The data:

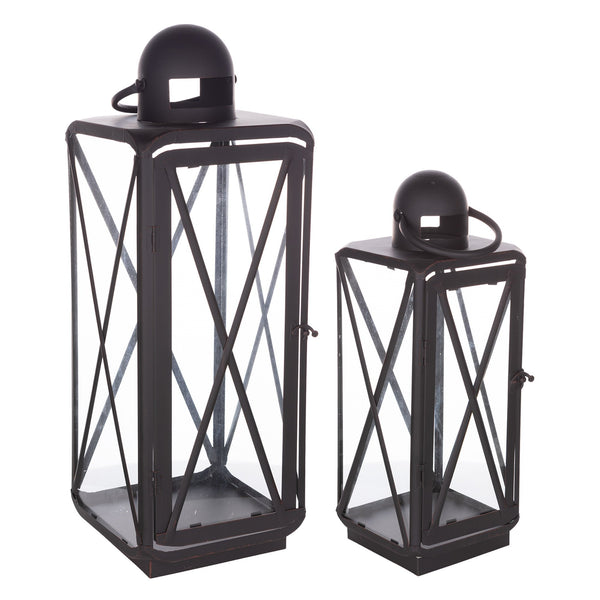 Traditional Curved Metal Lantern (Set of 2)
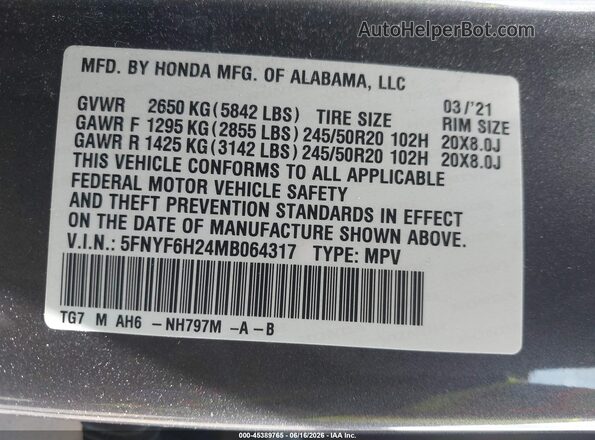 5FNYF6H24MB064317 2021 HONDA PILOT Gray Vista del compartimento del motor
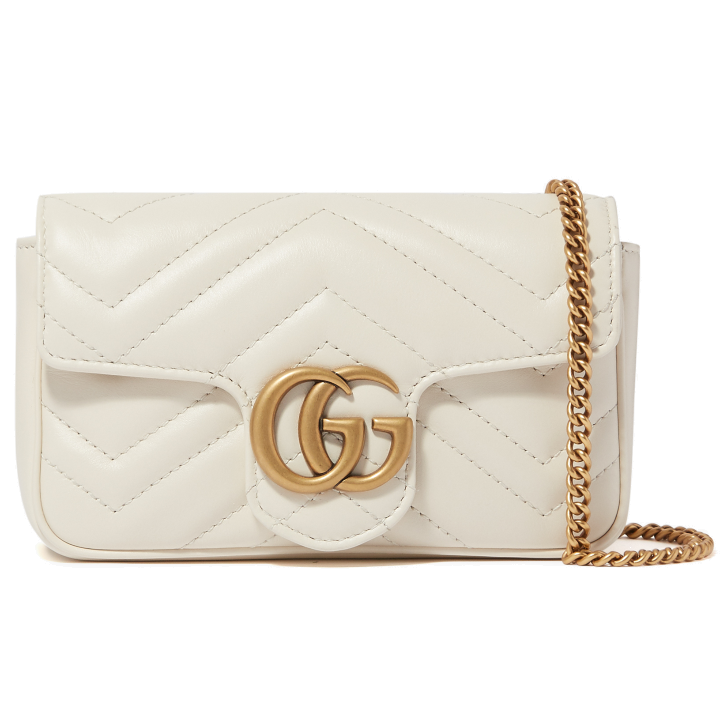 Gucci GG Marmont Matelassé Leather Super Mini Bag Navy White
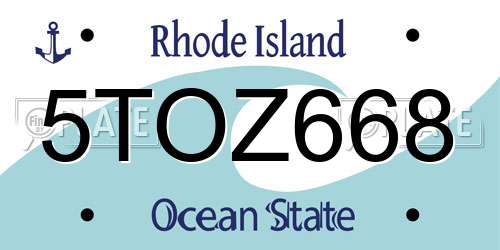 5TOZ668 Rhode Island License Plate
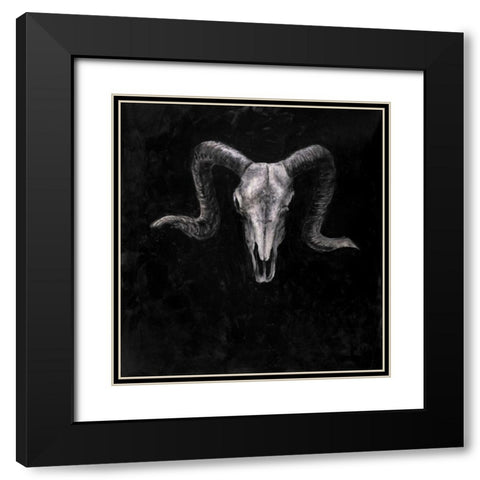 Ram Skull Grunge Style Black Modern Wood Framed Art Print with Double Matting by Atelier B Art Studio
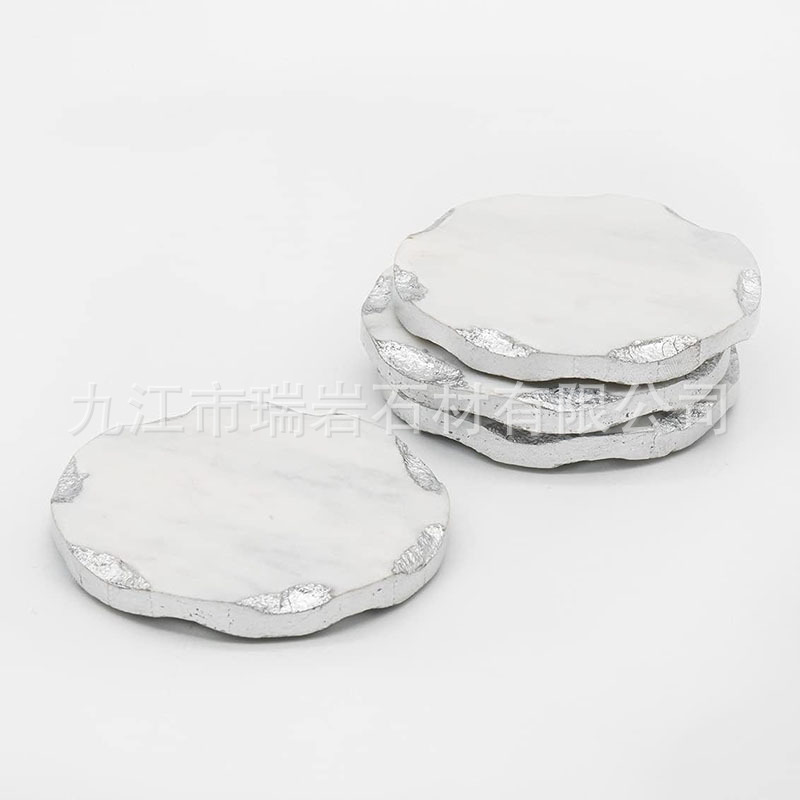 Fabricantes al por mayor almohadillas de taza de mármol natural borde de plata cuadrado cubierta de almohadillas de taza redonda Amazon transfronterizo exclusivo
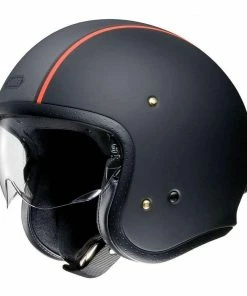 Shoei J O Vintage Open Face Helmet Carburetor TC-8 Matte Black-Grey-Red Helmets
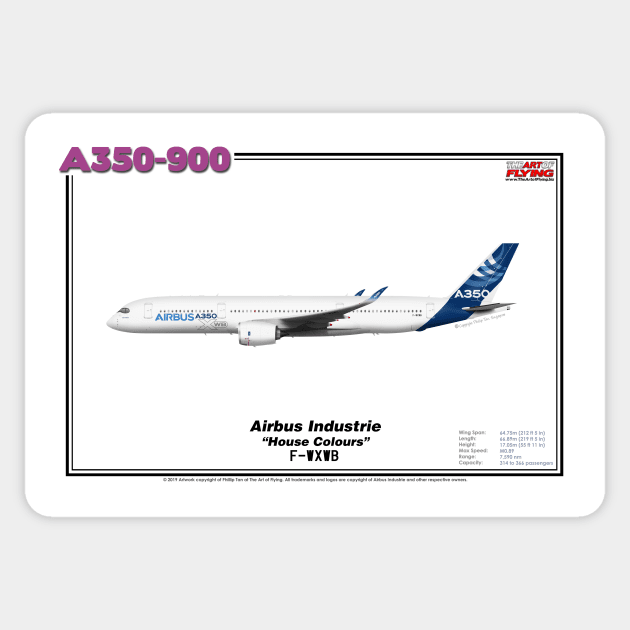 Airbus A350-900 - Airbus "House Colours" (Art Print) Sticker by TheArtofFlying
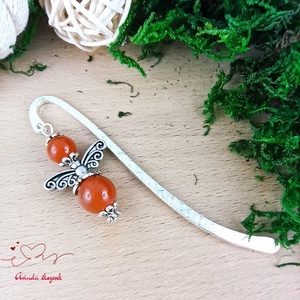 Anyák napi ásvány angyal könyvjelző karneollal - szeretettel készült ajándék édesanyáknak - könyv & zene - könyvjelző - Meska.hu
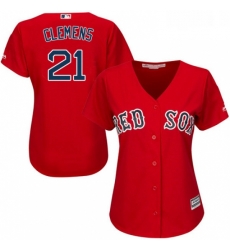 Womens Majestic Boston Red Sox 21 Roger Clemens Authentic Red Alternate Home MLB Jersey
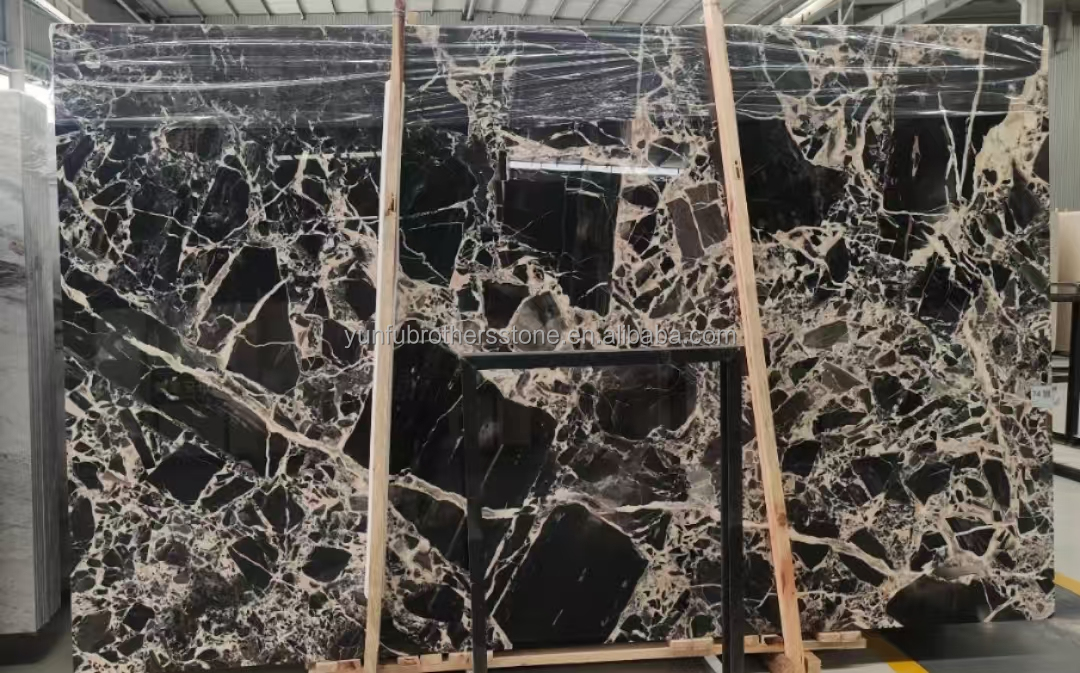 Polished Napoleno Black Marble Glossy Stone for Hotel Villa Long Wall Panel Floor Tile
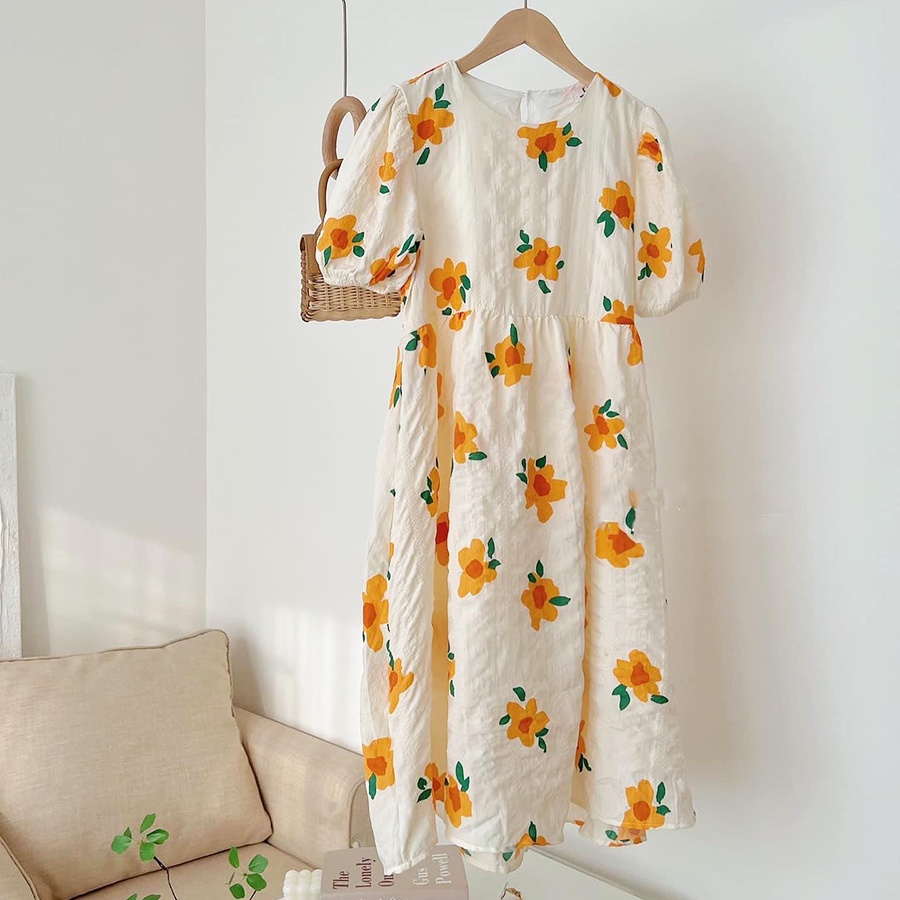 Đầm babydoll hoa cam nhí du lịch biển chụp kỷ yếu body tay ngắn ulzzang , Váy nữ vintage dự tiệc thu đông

Your assignment:
Return exactly the lines of the data, beginning with the first and ending with the line containing "Ram Skull Grunge". Skip the pictures.

Solution for this exercise:
 Traditional Curved Metal Lantern (Set of 2)
 5FNYF6H24MB064317 2021 HONDA PILOT Gray Vista del compartimento del motor
 Gucci GG Marmont Matelassé Leather Super Mini Bag Navy White
 5TOZ668 Rhode Island License Plate
 Ram Skull Grunge Style Black Modern Wood Framed Art Print with Double Matting by Atelier B Art Studio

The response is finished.